Thursday, May 15, 2008

"Come on, Foucault, just get in the car. We're going on a road trip!"

Noah points out that while it's "fun to play with that theorist you were just reading, and can't you just take him for a spin," politics is serious business:
Feminism is deadly serious. When women were trying to integrate the New York City Fire Department, male firefighters literally left the two dozen or so women stranded in burning buildings. Read these statistics about rape. Read these statistics about domestic violence. This is what feminism is about. And you know what? It works. Feminists, not anti-feminists, solve these problems.
The cheap answer here would be to say that everyone is against violent crime and dehumanizing sexual objectification, and, insofar as feminism is about making these things go away, my prayers are with 'em.

However, calling yourself a feminist doesn't just mean that you're against things like rape and sexual bribery; it means "I'm against rape and sexual bribery and I think that there are certain misogynistic structures at work in our society that allow these things to happen and make people more tolerant of these kinds of outrages." They don't just want to prosecute incidents of sexual bribery; they want to make big structural changes to our culture so that sexual bribery doesn't happen so often.

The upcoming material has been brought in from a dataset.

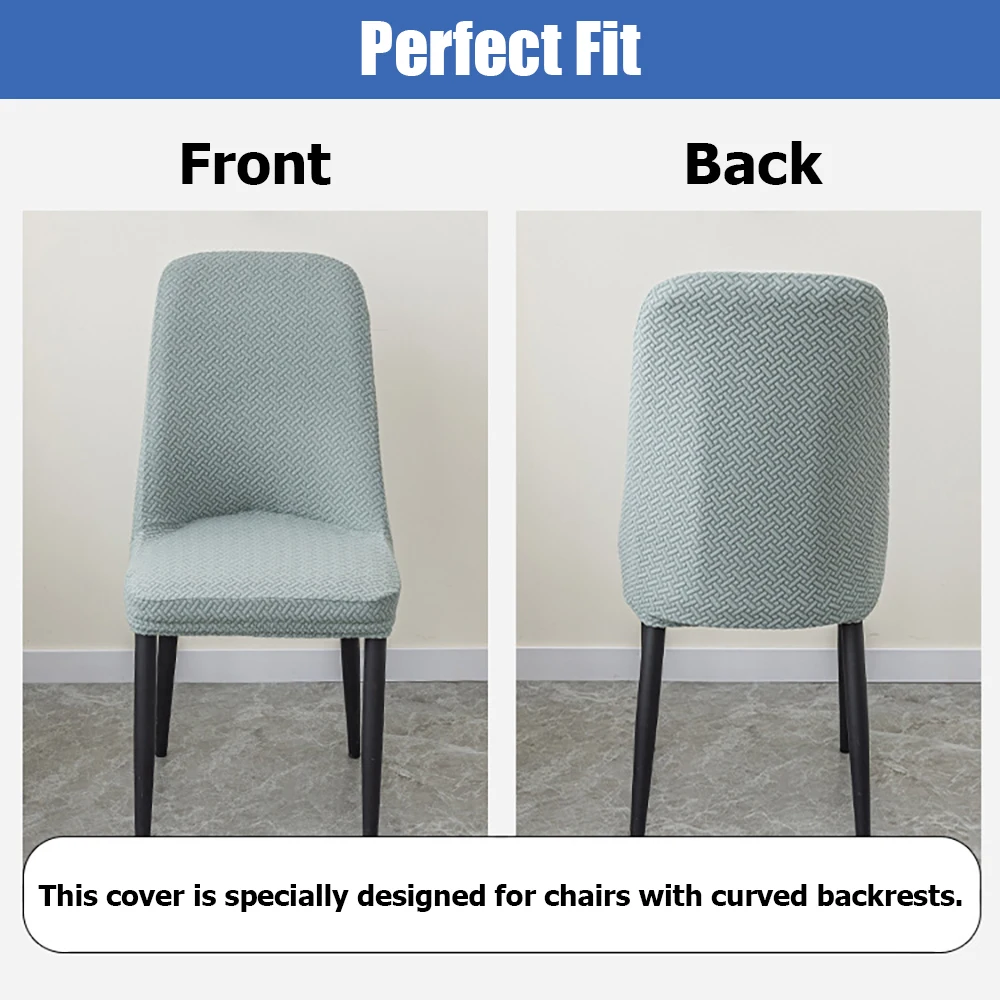 Twill Style Curved Back Chair Cover Stretch Jacquard Arc Seat Covers Anti-dirty Stool Slipcover for Dining Room Home Decor 1PC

I'm basically on board with all of this so far—the "big structural change" that got rid of the assumption that women in certain professions were sexually available (secretary, flight attendant, barmaid, etc.), for instance, was a huge step forward. (I'll also concede to Noah that we have the feminists to thank for it.)

Which brings us to where I take issue with his post: changes of that scope are squarely in the realm of theory, otherwise known as "dithering about performativity and gender roles." Noah's right that feminism is important because it affects the real pain of real people, but this doesn't mean that the solution is on such a small scale. When male firefighters leave female colleagues in a burning building, it's murder; that doesn't mean we should prosecute them as ordinary criminals and leave it at that. We need to go after the prejudices that motivated them, and that means making our case in the arena of culture. It might mean using words like "performativity"; sorry.

Once we move the fight to theoretical turf, the question becomes whether the traditionalists or the feminists have a better picture of how these cultural structures should look. If Noah wants to say that the most important criterion should be which one results in the fewest incidences of degradation, rape, abuse, injustice, and death, that sounds like the decent thing to say. We probably disagree about what constitutes "degradation" and "injustice" (theory strikes again!), but, more importantly, assuming some compromise definitions of these words, it's clear to me that the conservative model comes out on top.

The case for conservatism as the ideology that's best for women (rather than "best for cultural stability" or "most in line with philosophical abstracts") is one that still needs to be made (I'm here all week...), but I'm alarmed that Noah might think that retro-feminists like myself aren't interested in making it.